**What you have to do**
Starting at the line with "Pintura Impermeabilizante Con" and ending at the line with "N/A Non-Slip Bathtu", print exactly the lines of the entries below. Pictures do not belong in the copy.

**Records**
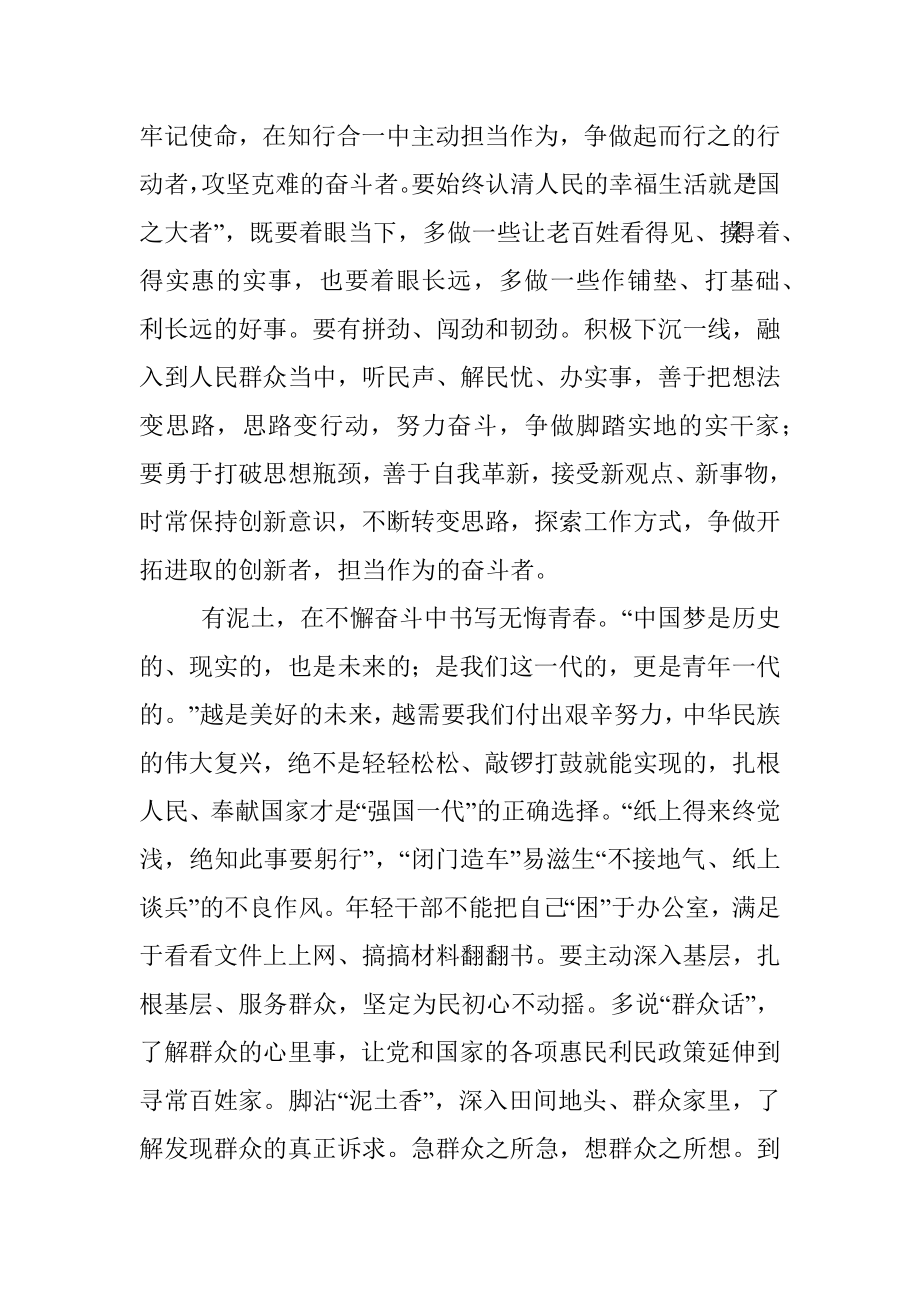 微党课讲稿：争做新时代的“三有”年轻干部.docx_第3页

==

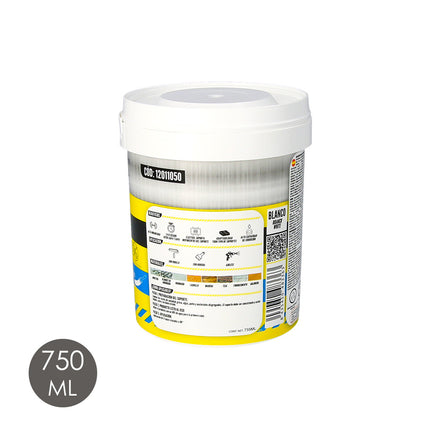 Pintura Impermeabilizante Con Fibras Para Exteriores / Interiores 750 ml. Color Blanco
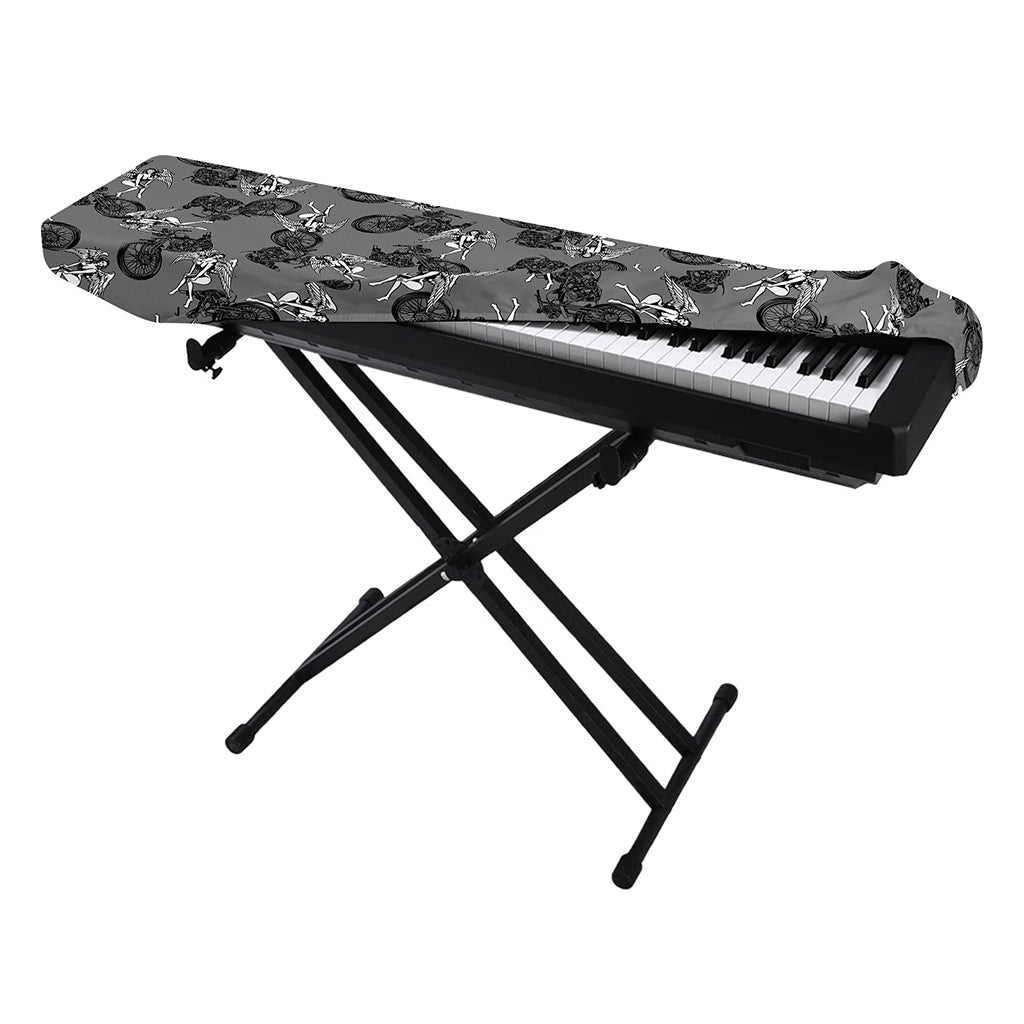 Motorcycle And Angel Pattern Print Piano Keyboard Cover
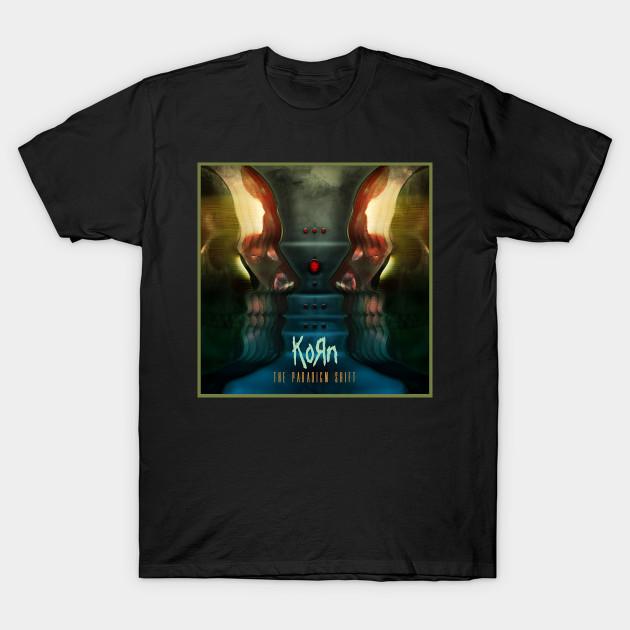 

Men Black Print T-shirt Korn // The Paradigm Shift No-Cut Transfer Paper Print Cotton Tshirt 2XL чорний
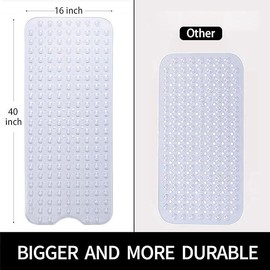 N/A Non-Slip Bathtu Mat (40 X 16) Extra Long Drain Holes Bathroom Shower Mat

**Output for this task**
 Pintura Impermeabilizante Con Fibras Para Exteriores / Interiores 750 ml. Color Blanco
 Motorcycle And Angel Pattern Print Piano Keyboard Cover

Men Black Print T-shirt Korn // The Paradigm Shift No-Cut Transfer Paper Print Cotton Tshirt 2XL чорний
 N/A Non-Slip Bathtu Mat (40 X 16) Extra Long Drain Holes Bathroom Shower Mat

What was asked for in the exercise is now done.